Raw data:
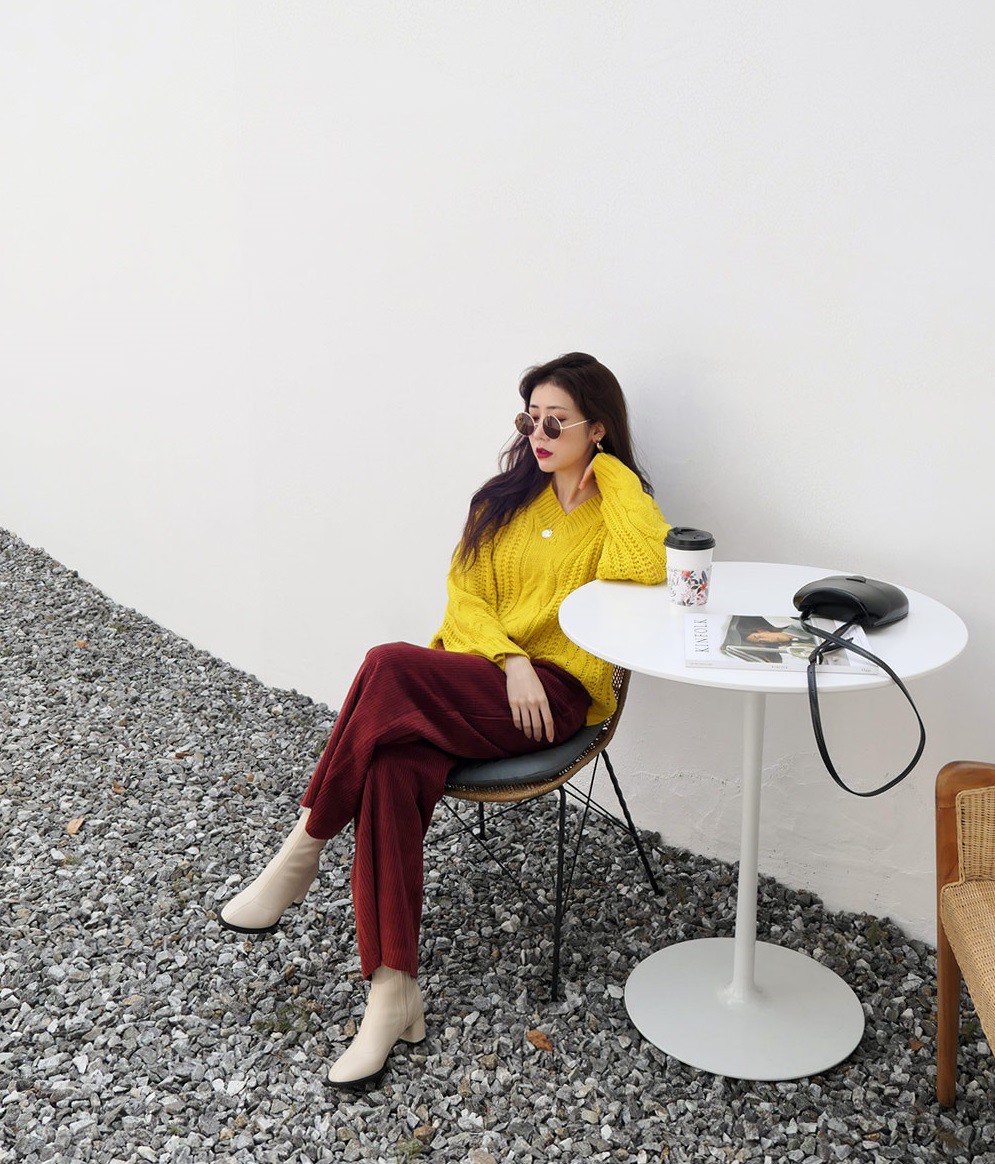 Chẳng thể diện váy vóc thường xuyên vào mùa lạnh thì các nàng công sở đã có 4 mẫu quần chuẩn thanh lịch này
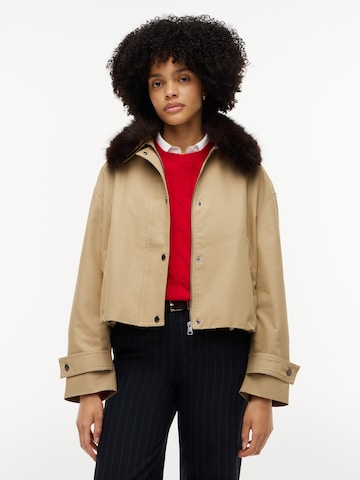 TOMMY HILFIGER Tussenjas in Beige: voorkant
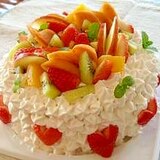 ベジタリアンのフルーツいっぱいデコレーションケーキ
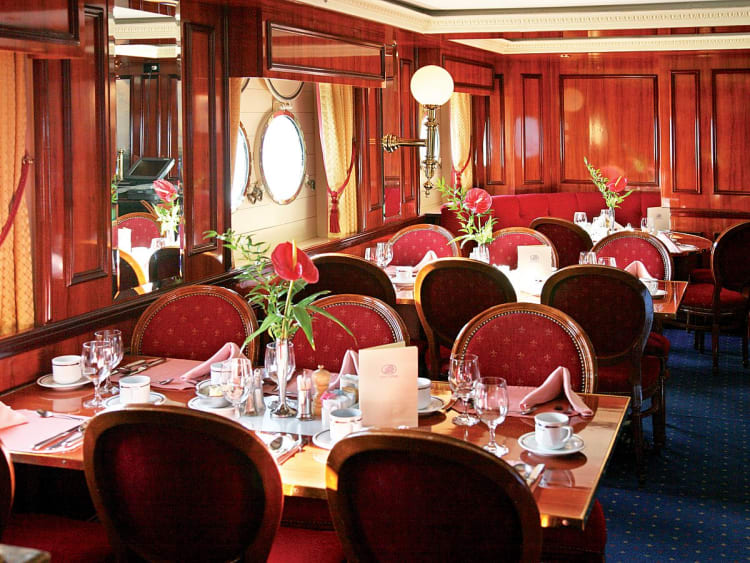 Royal Clipper: Restaurant Clipper Dining Room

Brief:
Repeat the listing word for word. Leave images out.

The completed task:
 Chẳng thể diện váy vóc thường xuyên vào mùa lạnh thì các nàng công sở đã có 4 mẫu quần chuẩn thanh lịch này
 TOMMY HILFIGER Tussenjas in Beige: voorkant
 ベジタリアンのフルーツいっぱいデコレーションケーキ
 Royal Clipper: Restaurant Clipper Dining Room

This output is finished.